How NJ courts could start being less about getting your cash
In the wake of recommendations released this summer by a state Supreme Court committee, a New Jersey lawmaker has introduced the first of many bills aimed at keeping financial incentives out of municipal courts.
"Our goal should be the greatest amount of compliance and the greatest amount of safety, with the least amount of punishment," Sen. Declan O'Scanlon, R-Monmouth, told New Jersey 101.5. "Right now, our system is unquestionably, in many instances, the other way around."
Noting municipal judges are at times chosen and reappointed based on how many fines they're likely to give out, O'Scanlon said one of his new measures would increase the term of municipal court judges from three to five years.
"It gives them a much greater period of time between appointments, which we hope will increase independence," O'Scanlon said. "It's not going to solve the problem, but it will help."
Another measure would allow defendants to earn credits toward fines if they complete court orders such as counseling or drug rehabilitation.

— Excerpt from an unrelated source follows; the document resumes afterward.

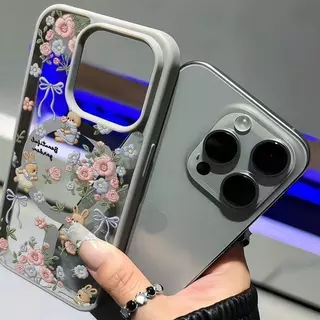 เคสโทรศัพท์ลายกระต่าย ใช้ได้กับ iPhone 13 Pro/11/12 Pro Max/14/15/16 Plus ดีไซน์แม่เหล็กคุณภาพสูงช่วยปกป้องเลนส์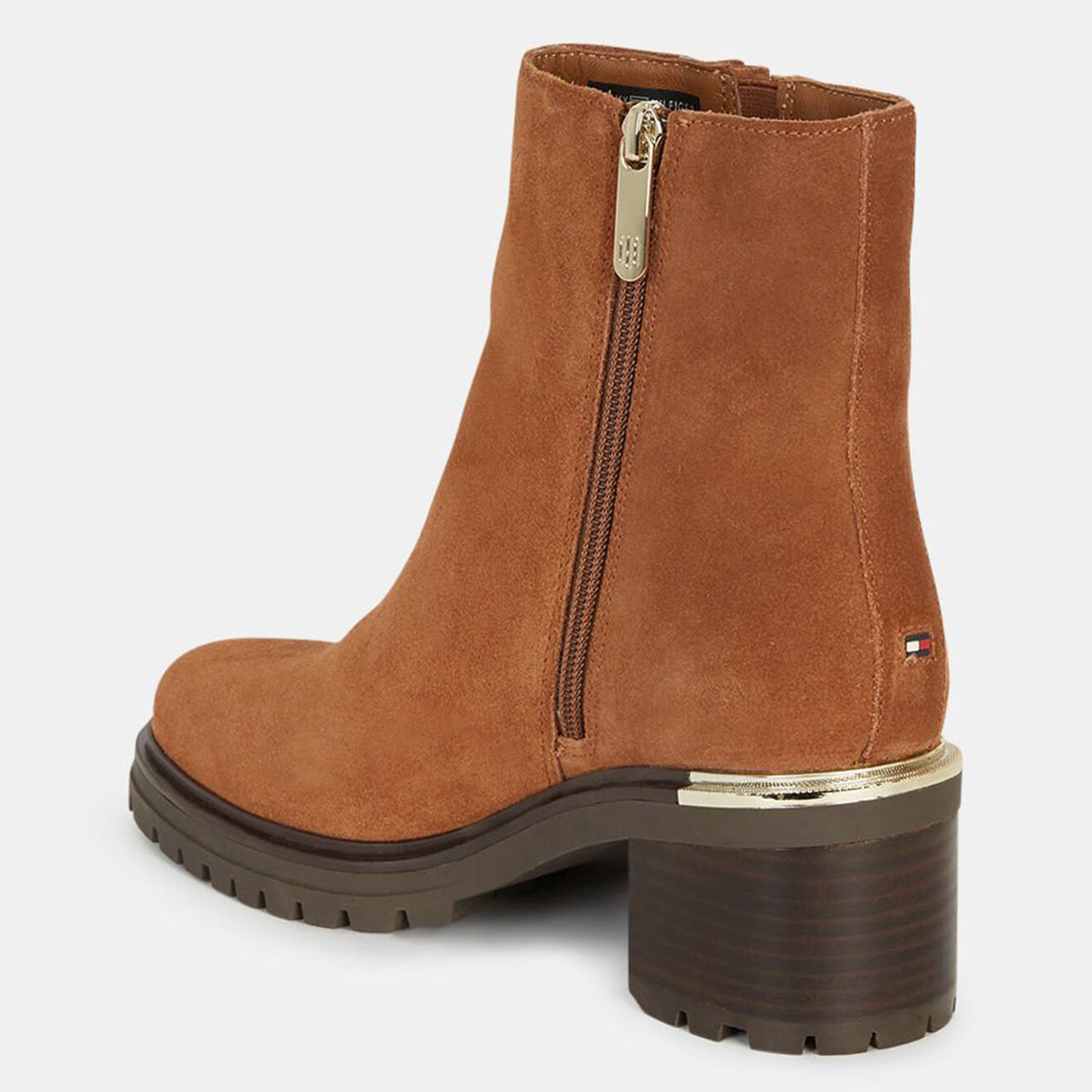Tommy Hilfiger Bottines en Velours de Cuir Tl cognac - Talon 6,5 cm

This way, O'Scalon said, defendants are encouraged to turn their lives around — not just hand over some cash and help fund a town's budget.
A report released in July by the Supreme Court Subcommittee on Municipal Court Fines, Operations, and Revenue recommended ways the municipal justice system can focus more on justice and less on revenue.
Days later, the state's top court paved the way for the potential dismissal of nearly 800,000 outstanding warrants for old tickets on minor offenses.
In a third proposal from O'Scanlon, the Judiciary would be urged to come up with a system in which attorneys appearing before judges can anonymously review those judges and inform the courts on their performance.
"That already happens at other levels ... just not municipal," O'Scanlon said.